>>>>>
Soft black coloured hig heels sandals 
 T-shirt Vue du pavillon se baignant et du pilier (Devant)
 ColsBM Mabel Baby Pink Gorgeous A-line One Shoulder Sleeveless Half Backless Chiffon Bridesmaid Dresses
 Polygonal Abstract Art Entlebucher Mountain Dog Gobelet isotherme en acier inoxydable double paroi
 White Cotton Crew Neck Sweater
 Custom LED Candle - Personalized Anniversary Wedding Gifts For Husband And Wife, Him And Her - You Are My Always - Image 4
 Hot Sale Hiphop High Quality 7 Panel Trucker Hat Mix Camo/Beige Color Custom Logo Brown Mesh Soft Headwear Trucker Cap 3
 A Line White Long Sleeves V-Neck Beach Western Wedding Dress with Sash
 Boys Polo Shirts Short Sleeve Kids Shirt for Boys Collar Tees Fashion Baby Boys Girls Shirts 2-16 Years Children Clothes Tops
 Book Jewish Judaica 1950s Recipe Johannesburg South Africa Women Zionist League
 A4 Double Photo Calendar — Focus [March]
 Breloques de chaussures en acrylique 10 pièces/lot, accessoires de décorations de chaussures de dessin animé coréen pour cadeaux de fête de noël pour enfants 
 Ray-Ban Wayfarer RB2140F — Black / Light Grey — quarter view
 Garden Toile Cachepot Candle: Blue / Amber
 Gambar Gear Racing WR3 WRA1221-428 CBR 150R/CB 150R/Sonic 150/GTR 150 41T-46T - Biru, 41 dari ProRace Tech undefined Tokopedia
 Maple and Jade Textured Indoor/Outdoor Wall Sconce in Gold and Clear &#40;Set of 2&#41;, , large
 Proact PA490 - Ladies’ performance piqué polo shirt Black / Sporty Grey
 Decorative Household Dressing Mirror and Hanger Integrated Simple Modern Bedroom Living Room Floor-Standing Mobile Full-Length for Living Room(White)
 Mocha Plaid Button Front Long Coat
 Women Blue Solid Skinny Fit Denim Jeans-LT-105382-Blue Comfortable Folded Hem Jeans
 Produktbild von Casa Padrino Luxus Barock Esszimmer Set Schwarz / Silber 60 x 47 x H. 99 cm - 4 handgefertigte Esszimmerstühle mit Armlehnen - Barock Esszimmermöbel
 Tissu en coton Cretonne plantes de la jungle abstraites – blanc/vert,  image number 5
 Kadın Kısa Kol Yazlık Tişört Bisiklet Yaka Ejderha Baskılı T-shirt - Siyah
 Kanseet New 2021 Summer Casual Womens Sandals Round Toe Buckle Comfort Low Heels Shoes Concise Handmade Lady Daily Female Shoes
<<<<<
• _REQUIRED WORK_
Starting from the line that contains "Ray-Ban Wayfarer RB2140F", transcribe each line to the end of the records above. Please add nothing.

• _RESULT OF THIS TASK_
 Ray-Ban Wayfarer RB2140F — Black / Light Grey — quarter view
 Garden Toile Cachepot Candle: Blue / Amber
 Gambar Gear Racing WR3 WRA1221-428 CBR 150R/CB 150R/Sonic 150/GTR 150 41T-46T - Biru, 41 dari ProRace Tech undefined Tokopedia
 Maple and Jade Textured Indoor/Outdoor Wall Sconce in Gold and Clear &#40;Set of 2&#41;, , large
 Proact PA490 - Ladies’ performance piqué polo shirt Black / Sporty Grey
 Decorative Household Dressing Mirror and Hanger Integrated Simple Modern Bedroom Living Room Floor-Standing Mobile Full-Length for Living Room(White)
 Mocha Plaid Button Front Long Coat
 Women Blue Solid Skinny Fit Denim Jeans-LT-105382-Blue Comfortable Folded Hem Jeans
 Produktbild von Casa Padrino Luxus Barock Esszimmer Set Schwarz / Silber 60 x 47 x H. 99 cm - 4 handgefertigte Esszimmerstühle mit Armlehnen - Barock Esszimmermöbel
 Tissu en coton Cretonne plantes de la jungle abstraites – blanc/vert,  image number 5
 Kadın Kısa Kol Yazlık Tişört Bisiklet Yaka Ejderha Baskılı T-shirt - Siyah
 Kanseet New 2021 Summer Casual Womens Sandals Round Toe Buckle Comfort Low Heels Shoes Concise Handmade Lady Daily Female Shoes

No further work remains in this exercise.